▸ What to produce: Please write out exactly the lines from the one with "Headspace iOS Bookmarks & Collections screen" through the end of the data below, both ends included, and omit any pictures.

▸ Extracted data entries:
+===+

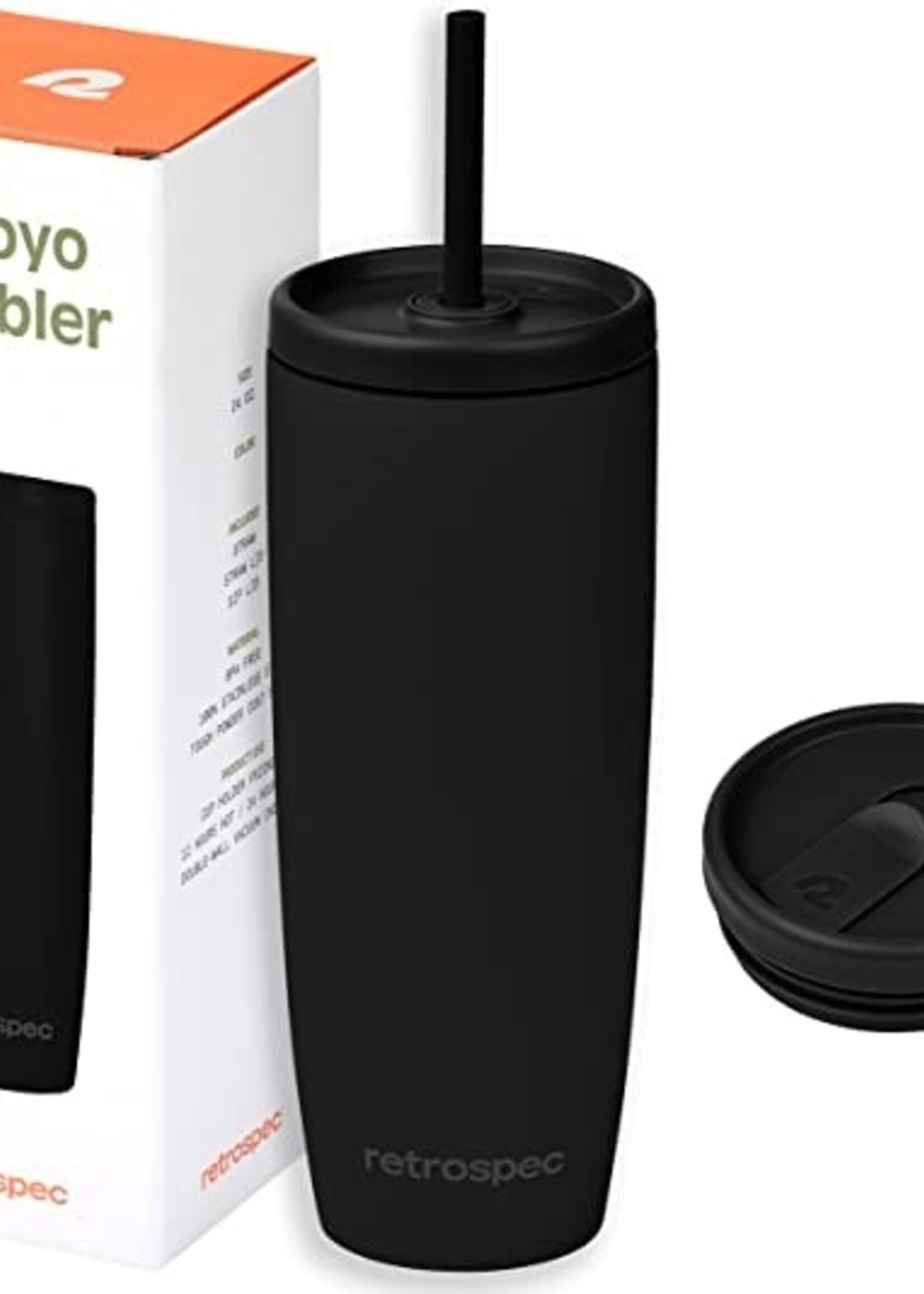 Retrospec Arroyo Tumbler Lid Bundle - Black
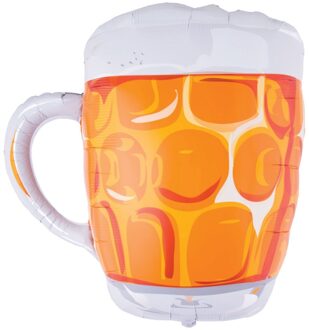 Folieballon Bierglas groot 100cm Geel - Beige - Creme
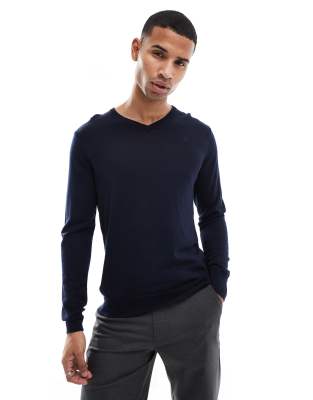 classic V-neck sweater in navy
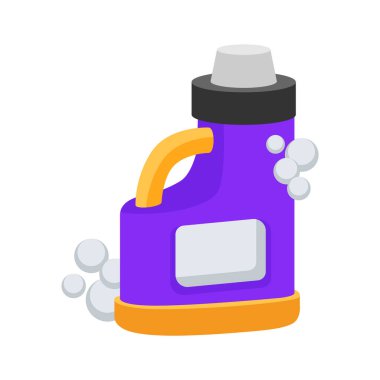 Sıvı çamaşır deterjanı şişesi modern 2D tarzında.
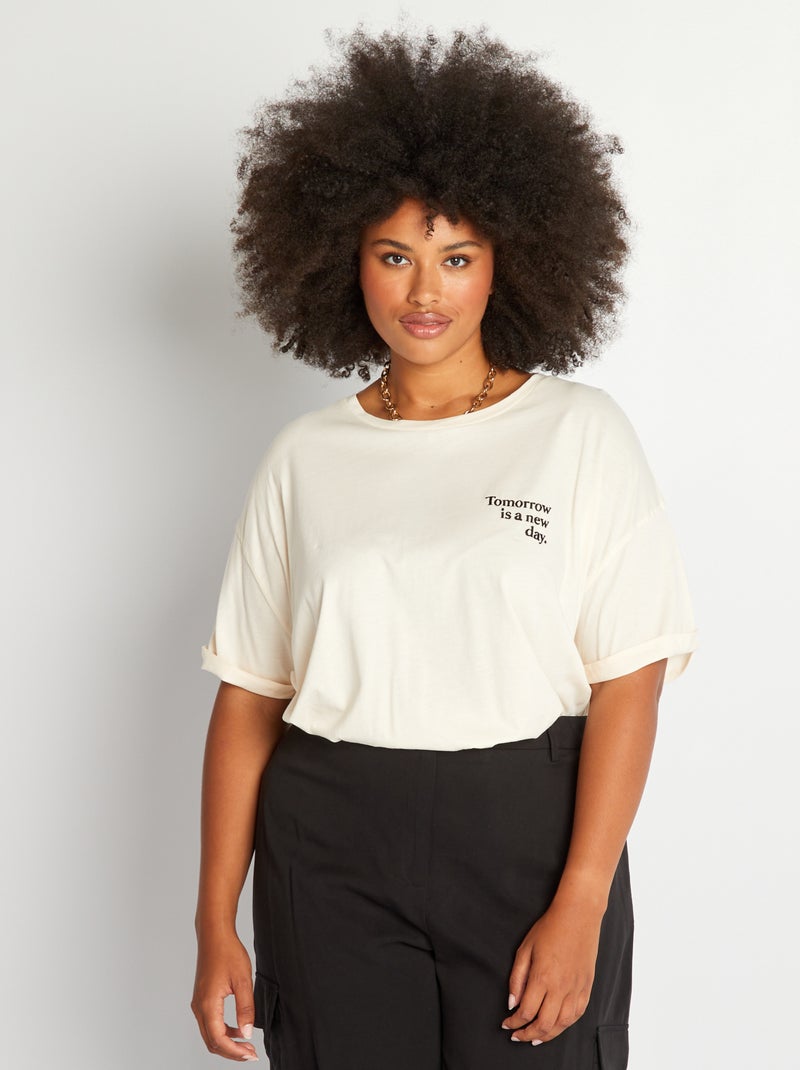 T-shirt met geborduurde boodschap BIEGE - Kiabi
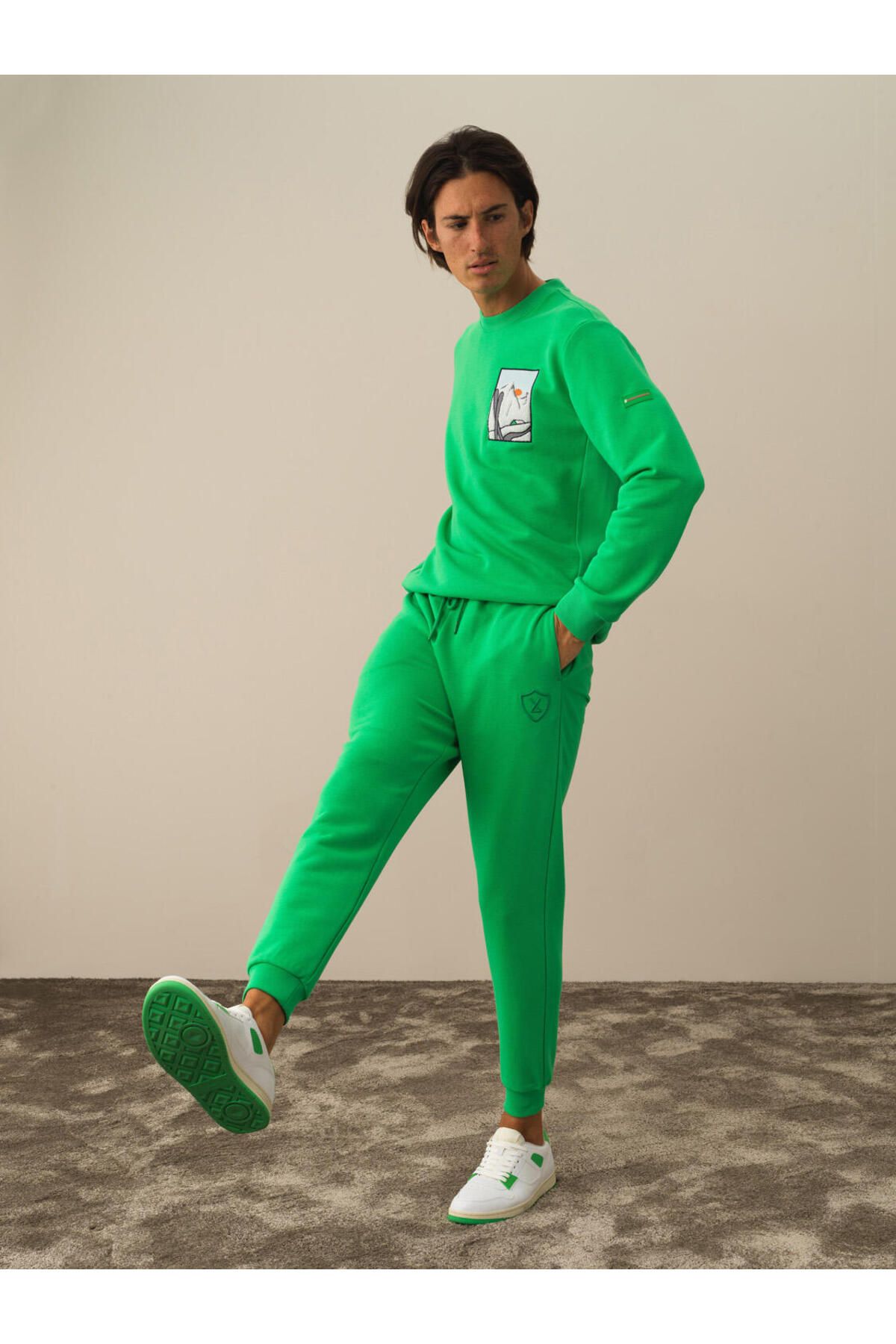 Xint Erkek Yeşil Pamuklu Regular Fit Sweat Pantolon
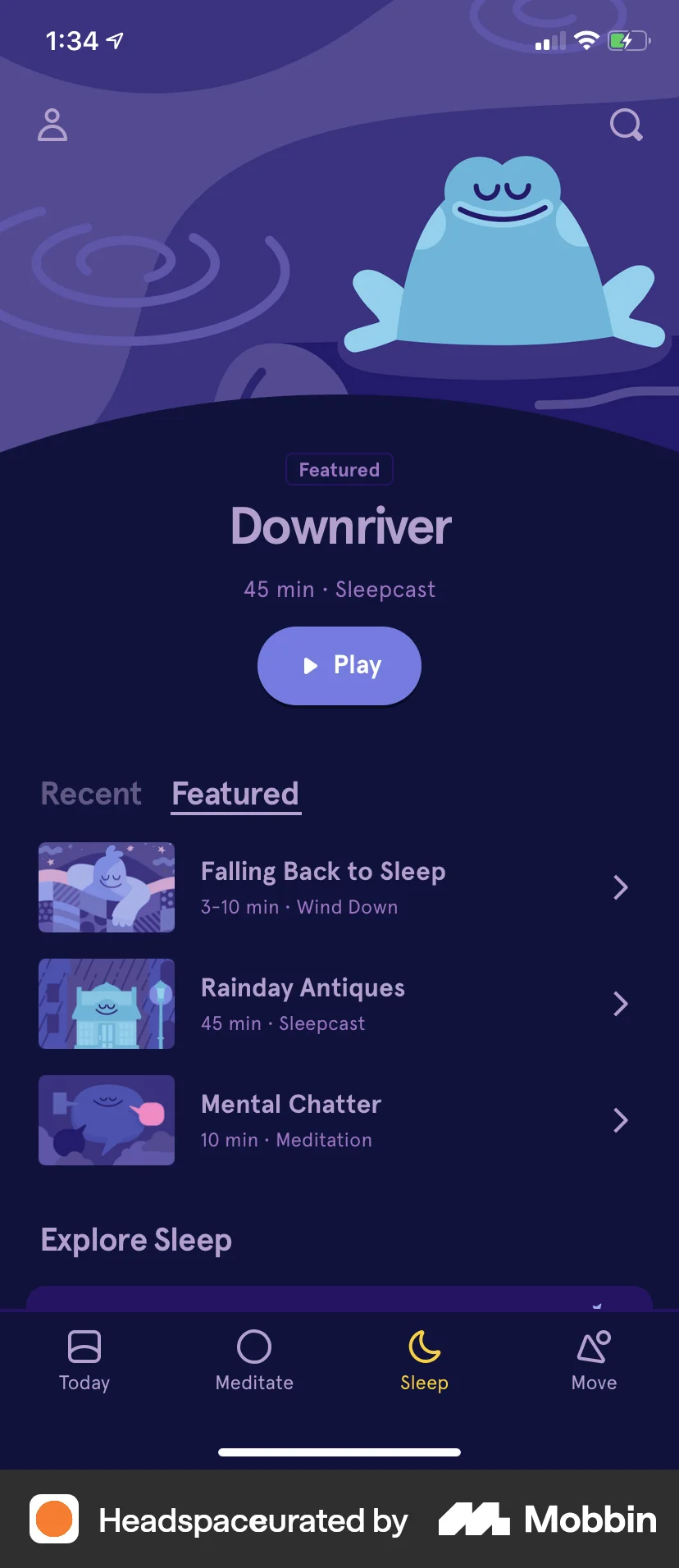 Headspace iOS Bookmarks & Collections screen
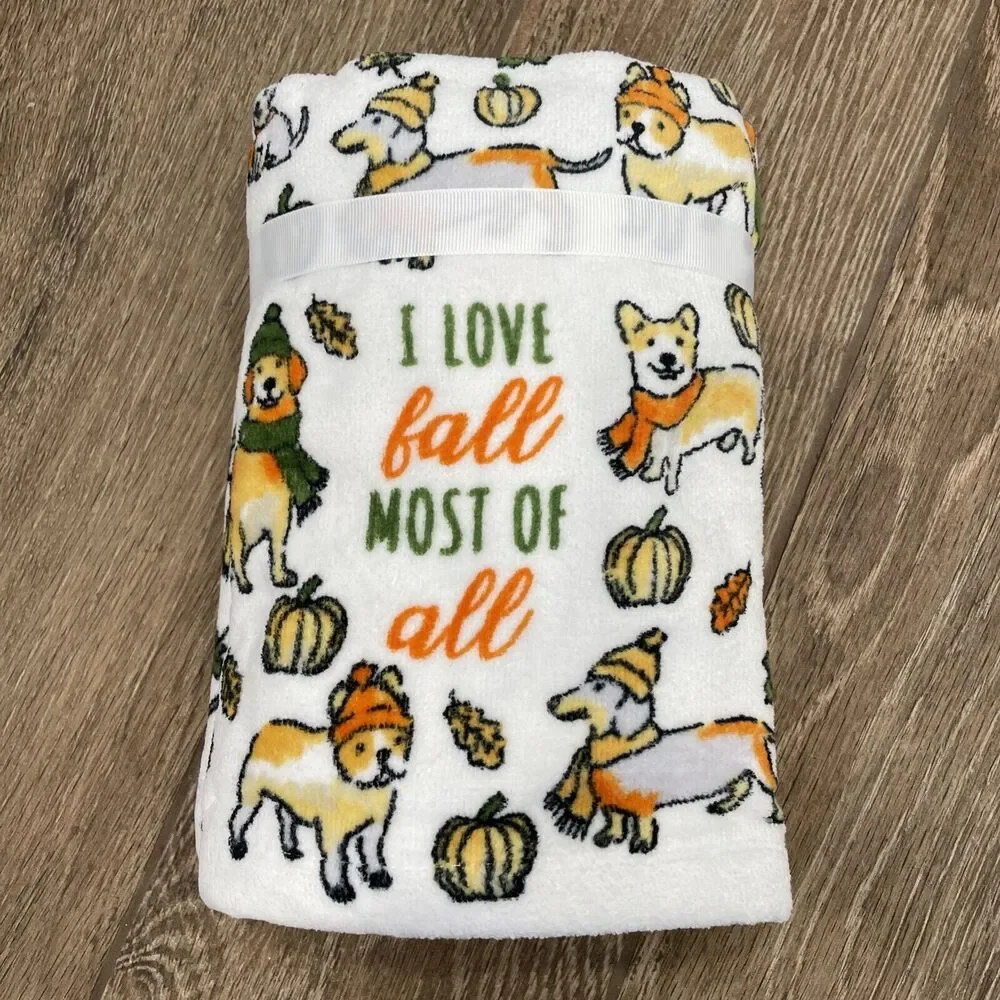 I LOVE FALL MOST OF ALL Dog Hand Towel (2) Corgi Dachshund Pug Bulldog Retriever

+===+

▸ Problem solution:
 Headspace iOS Bookmarks & Collections screen
 I LOVE FALL MOST OF ALL Dog Hand Towel (2) Corgi Dachshund Pug Bulldog Retriever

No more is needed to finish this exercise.